_Your assignment_
Please take the entries below from the first line through the line containing "Artisanat Tonala Pottery" and repeat them exactly, leaving out everything after.

_Records supplied_
--- START ---

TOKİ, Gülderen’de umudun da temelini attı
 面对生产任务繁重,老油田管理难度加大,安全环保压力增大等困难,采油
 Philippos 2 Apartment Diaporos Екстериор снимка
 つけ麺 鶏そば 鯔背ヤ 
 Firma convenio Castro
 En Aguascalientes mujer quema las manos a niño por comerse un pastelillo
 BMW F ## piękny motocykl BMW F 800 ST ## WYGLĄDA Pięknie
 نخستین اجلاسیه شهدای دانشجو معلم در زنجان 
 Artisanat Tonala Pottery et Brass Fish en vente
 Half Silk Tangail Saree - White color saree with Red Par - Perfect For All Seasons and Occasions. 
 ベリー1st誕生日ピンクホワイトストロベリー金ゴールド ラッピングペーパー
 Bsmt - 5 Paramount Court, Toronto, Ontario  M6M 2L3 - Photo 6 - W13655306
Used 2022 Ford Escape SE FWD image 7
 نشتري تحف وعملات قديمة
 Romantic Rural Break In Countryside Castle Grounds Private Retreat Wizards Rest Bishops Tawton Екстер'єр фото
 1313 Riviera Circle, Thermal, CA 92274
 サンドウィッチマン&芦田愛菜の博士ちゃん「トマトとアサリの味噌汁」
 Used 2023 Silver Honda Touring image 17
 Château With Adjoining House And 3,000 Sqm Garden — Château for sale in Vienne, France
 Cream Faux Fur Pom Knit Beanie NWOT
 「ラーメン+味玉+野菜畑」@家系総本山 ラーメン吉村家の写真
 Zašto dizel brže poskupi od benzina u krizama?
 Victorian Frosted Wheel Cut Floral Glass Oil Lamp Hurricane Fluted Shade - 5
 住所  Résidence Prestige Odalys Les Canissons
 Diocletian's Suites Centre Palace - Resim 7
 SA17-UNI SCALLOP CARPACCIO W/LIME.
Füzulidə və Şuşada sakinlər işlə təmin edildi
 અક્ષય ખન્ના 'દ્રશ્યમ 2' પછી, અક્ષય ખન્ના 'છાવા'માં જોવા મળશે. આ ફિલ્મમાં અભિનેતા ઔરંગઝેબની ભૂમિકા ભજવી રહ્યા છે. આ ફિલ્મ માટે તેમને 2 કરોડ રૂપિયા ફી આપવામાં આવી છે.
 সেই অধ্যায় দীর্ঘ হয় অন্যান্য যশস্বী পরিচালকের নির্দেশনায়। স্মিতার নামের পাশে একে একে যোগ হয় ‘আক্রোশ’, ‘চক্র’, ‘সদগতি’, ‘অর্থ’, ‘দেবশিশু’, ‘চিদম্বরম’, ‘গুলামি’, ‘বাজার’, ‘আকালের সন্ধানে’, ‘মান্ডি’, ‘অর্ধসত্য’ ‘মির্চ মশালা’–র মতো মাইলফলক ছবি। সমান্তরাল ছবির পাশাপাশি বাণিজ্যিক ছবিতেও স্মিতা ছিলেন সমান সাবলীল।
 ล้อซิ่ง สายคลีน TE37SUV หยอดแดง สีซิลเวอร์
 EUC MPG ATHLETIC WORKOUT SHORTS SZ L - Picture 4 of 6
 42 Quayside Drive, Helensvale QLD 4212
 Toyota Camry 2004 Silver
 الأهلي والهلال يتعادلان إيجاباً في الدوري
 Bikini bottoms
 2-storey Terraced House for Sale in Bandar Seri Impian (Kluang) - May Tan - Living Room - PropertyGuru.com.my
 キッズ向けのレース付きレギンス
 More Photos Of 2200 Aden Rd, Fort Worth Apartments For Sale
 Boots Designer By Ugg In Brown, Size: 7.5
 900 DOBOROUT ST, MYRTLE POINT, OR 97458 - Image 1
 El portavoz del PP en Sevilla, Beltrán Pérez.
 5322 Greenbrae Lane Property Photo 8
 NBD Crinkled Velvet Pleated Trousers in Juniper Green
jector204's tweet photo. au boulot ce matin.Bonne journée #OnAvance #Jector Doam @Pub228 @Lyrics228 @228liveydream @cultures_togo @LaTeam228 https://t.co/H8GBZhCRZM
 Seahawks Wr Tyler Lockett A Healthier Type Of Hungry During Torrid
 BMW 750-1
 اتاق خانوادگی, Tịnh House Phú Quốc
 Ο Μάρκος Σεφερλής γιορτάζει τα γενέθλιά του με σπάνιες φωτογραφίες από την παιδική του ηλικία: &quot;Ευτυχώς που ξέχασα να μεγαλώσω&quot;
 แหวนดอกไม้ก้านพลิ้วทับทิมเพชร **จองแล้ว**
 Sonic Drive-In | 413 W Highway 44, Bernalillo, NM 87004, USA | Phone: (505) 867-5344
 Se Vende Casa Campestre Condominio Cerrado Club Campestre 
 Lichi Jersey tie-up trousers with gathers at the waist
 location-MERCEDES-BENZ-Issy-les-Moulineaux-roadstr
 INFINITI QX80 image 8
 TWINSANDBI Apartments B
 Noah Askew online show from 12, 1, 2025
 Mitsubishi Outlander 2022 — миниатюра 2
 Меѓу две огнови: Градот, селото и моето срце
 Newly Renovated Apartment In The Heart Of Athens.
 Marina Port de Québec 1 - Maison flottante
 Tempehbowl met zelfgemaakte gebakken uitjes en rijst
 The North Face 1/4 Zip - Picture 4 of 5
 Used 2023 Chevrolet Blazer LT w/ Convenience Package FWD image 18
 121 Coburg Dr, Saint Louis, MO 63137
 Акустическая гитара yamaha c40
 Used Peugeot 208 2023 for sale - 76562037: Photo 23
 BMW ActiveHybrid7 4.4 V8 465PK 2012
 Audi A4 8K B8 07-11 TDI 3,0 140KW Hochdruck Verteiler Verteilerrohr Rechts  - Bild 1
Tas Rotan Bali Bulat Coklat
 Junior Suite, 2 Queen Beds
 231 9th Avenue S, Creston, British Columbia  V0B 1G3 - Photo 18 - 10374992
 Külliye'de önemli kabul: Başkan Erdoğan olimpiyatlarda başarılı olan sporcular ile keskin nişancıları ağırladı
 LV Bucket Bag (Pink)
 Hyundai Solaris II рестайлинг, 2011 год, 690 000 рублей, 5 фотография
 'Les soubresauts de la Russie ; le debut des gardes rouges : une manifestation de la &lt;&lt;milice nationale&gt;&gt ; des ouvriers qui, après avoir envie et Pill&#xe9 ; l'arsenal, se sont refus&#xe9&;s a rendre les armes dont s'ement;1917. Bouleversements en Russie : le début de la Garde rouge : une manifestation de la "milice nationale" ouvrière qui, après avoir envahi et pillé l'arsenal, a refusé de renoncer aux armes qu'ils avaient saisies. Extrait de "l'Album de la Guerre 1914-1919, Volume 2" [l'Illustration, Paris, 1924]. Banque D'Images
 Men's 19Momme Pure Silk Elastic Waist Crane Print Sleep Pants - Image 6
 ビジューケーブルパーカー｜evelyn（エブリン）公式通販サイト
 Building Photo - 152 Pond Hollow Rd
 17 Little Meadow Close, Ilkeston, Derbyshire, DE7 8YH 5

--- END ---

_Result_
TOKİ, Gülderen’de umudun da temelini attı
 面对生产任务繁重,老油田管理难度加大,安全环保压力增大等困难,采油
 Philippos 2 Apartment Diaporos Екстериор снимка
 つけ麺 鶏そば 鯔背ヤ 
 Firma convenio Castro
 En Aguascalientes mujer quema las manos a niño por comerse un pastelillo
 BMW F ## piękny motocykl BMW F 800 ST ## WYGLĄDA Pięknie
 نخستین اجلاسیه شهدای دانشجو معلم در زنجان 
 Artisanat Tonala Pottery et Brass Fish en vente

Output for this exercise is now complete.